What I find interesting is that you’re talking about trends and you’re talking about capital turnover, so the cash flow of that. What’s interesting is how you’re looking at trends and strategy, but then also because of your background in trading, you understand value.
Just because of your cash flow, that doesn’t mean that it’s got high enterprise value. You’re weaving this together, Maceo, just talking about the risk of casting this vote. In our training, what we do has some context behind it, is we walk through the buildup of the discounted cash flow.
Company‑specific risk is the biggest variant. You could weave that in as you’re talking about capital turnover and trends. A lot of people aren’t looking at trends, and they’re not looking at a couple of these key components. They’re just waking up and grinding away. They just grind, and they aren’t looking up.
Maceo: Because of my trading background, I’ll try and make it simple and practical at the same time. SaaS, if you don’t know, is software as a service. You’re going to code a bunch of this stuff up. Of course, the adage is there, “Why do I need your crap instead of a spreadsheet?” Let’s assume that you have an idea that’s better than a spreadsheet.
Ryan: A really expensive GUI, right?
Maceo: Right. By the way, it’s probably not, which is part of your problem. I hate to break it to you. Let’s say you do have something that’s actually going to work. Where most people go wrong is in understanding that your solution is running to obsolescence.
The magic is in thinking where the market is going to be three years from now, five years from now, which is also why it’s really tough. The way around all of this, again thinking about value, is going to a smaller market.
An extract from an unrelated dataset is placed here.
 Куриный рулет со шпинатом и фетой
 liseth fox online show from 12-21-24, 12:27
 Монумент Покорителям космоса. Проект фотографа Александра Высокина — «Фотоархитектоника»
I think this all the way back to the old days when we used to actually trade person to person. A bunch of people screaming in a pit, yelling, yelling, you know, like this and hand signals…
Ryan: Boiler room.
Maceo: Inside of that pit, let’s say it’s the S&P 500. Everybody knows the S&P 500, who’s looked at the stock market. Again, it’s very liquid. It’s not lumber. It’s not Beanie Babies. Inside of that huge pit, you can have major price discrepancies. It’s because, in that small physical area of the pit, somebody walked in with a huge order. It’s that simple.
Even though you’ve got this massive market that’s out there, that could be SaaS. It could be just the Internet, could be retail, could be cell phones. If we think about it in that way, like we have this big marketplace, where do we find these small onset graded pockets of value? If I know…in the old days, we called it paper.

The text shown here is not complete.